By now, we’re certainly used to Microsoft badgering folks to use its Edge browser rather than Chrome (and to be fair, Google works it the other way, too), but this time around, the target is the Bard AI.
As Vitor de Lucca highlighted on Twitter, if you go to the Bard web page in Edge test builds – in the Dev channel in this case, but also Canary according to a Neowin (opens in new tab) report – you’ll see a banner pop up in the address bar urging you to try the Bing AI.
Now when you open Bard on Microsoft’s Edge, it shows a button to compare the answers with Bing!
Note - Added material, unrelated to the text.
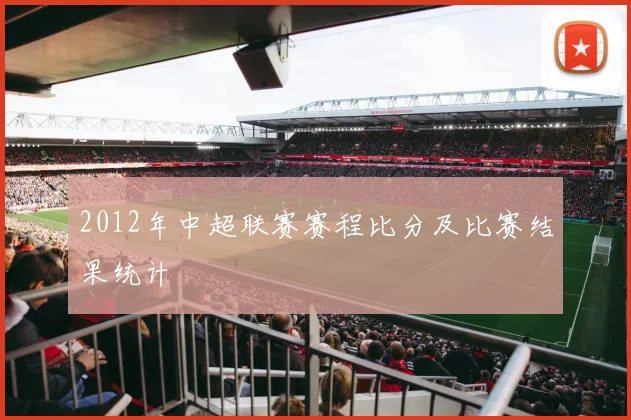 2012年中超联赛赛程比分及比赛结果统计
Holy f… pic.twitter.com/xGpHc0ZtfnApril 27, 2023
Specifically, it says that you can compare the answers you get from Bard with the new Bing AI. If you click the banner, Edge will pop up the Bing chatbot in a split-screen tab, so you’ve got both Bing and Bard side-by-side in two panels, allowing you to directly compare how your queries are dealt with (assuming you’ve signed up to both bots, naturally).
Note that this diversionary tactic is still in testing right now, and the earliest test channels as mentioned, so it might be a concept abandoned by Microsoft before anyone running the release version of Edge sees it. We did pay a visit to Bard in the latest release build of Edge just to check, and nothing came up.
Analysis: An unfair Edge? At least not quite as unfair as usual…
While we do not approve of any of this kind of prodding and cajoling in any fashion, at least in this case, Microsoft is making an offer of a comparison.
You can see how both chatbots perform and compare directly, and that may not necessarily come off in Microsoft’s favor. Although presumably Microsoft is confident enough it will, or it wouldn’t have implemented the nudge to use the Bing AI in this manner.
(That in itself tells a story about the Bing versus Bard battle, which the former is winning thus far, with Google very much playing catch-up at this point, after a stumbling start – and diverting a lot of resources in the effort to get back into the race, if reports elsewhere are correct).
So, while this is not going to go down well with many folks who are fed up of Microsoft’s increasing intrusions into its browser and Windows, and who’ll regard this as essentially unwelcome targeted advertising, it is at least better than Microsoft’s usual ploy.
Which typically with Edge will consist of telling you that its browser is better, faster, and more secure compared to rivals like Chrome (and it makes the tea, and so on). At least this time, you are actually seeing a concrete comparison of the two chatbots abilities.
Still, Microsoft, if you really feel the need to do this, here’s a thought. Instead of hijacking the Bard page, how about putting an option on Bing to pull up the Bard page side-by-side and compare. Because you’re confident in Bing, right?
The whole Bing against Bard scenario may be a win for Microsoft right now, but if some of the other plans we’ve heard worrying whispers about for the ChatGPT-powered AI come to fruition, things could change rapidly. Namely chucking adverts into the mix, though it’s not as if Google won’t be considering that, naturally. Sadly it’s quite likely the question is probably not whether they can get away with it, but when, on both counts.